The x-derivative Sobel looks that way: 

-1 0 +1
-2 0 +2
-1 0 +1

Lets say there are two samples of my image which look like that (0=black, 1=white):

0 0 1            1 0 0
0 0 1      &     1 0 0
0 0 1            1 0 0

If I perform convolution I'll end up with 4 and -4 respectively.

So my natural response would be to normalize the result by 8 and translate it by 0.5 - is that correct? (I am wondering as can't find Wikipedia etc. mentioning any normalization)
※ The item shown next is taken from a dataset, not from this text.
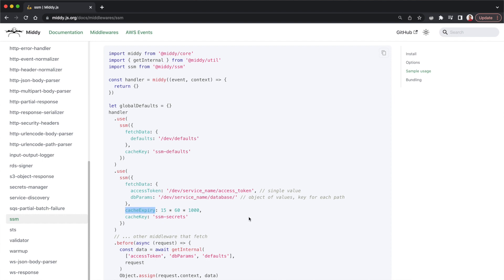You can set a TTL as well. After the TTL — let's say after five minutes — the cache will invalidate. So the next time the lambda function is invoked, if the cached value is no longer available, Middy will again request from SSM.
EDIT: I use the Sobel Filter to create a 2D Structure Tensor (with the derivatives dX and dY):

                   A B 
Structure Tensor = C D

with  A = dx^2 
      B = dx*dy
      C = dx*dy 
      D = dy^2

Ultimately I want to store the result in [0,1], but right now I'm just wondering if I have to normalize the Sobel result (by default, not just in order to store it) or not, i.e.: 

A = dx*dx 
//OR
A = (dx/8.0)*(dx/8.0)
//OR
A = (dx/8.0+0.5)*(dx/8.0+0.5)
Raleighraley answered 9/4, 2013 at 2:6 Comment(10)
it only depends on your application. If the goal is to store it and visualize the result as a bitmap, then you should translate and scale so that it falls within 0..255. What is your goal ?Laurin
"So my natural response would be to normalize the result by 8 and translate it by 0.5 - is that correct?" Your response to what?Loaiasis
@WhitAngl: storing and visualizing is the ultimate goal (so I'll do the appropriate normalization/translation in the end), but I have to do a bit more calculation in between. And I am wondering if the Sobel Filter ALWAYS has to be normalized (see updated question).Raleighraley
@Lajos Arpad: Natural response to getting results which are no longer in the range of the input, i.e. [0=black to 1=white]Raleighraley
if the question is: does it ALWAYS have to be normalized, the answer is no. For example, I have an application that does not do that. Hence "always" does not hold.Laurin
I just saw your edit: if you want to compute the structure tensor: you should NOT normalize it at all.Laurin
Ok, no normalization until the very end. Thank you!Raleighraley
Perhaps you're already thinking this, but I would assume that it is ALWAYS going to be normalized and for every image know the max/min of the resulting values and scale it accordingly. Have that be part of the process for every image, and it it so happens that the max and min are 1 and 0, so be it, no scaling needed.Drusilladrusus
The only reason you would ever normalize any convolution is either because I want to see the results, or the algorithm calls for normalization. If you're just using the coefficients produced for some further computation than there's no reason to normalize.Burbage
I’d like to stick to the mathematically precise gradient magnitudes. I’m going to divide them by 8, because that is the denominator, the delta in the very formula.Grumous
S
7

The Sobel filter is the composition of a finite difference filter in one dimension:

[ 1  0  -1 ] / 2

and a smoothing filter in the other dimension:

[ 1  2  1 ] / 4

Therefore, the proper normalization to the kernel as typically defined is 1/8.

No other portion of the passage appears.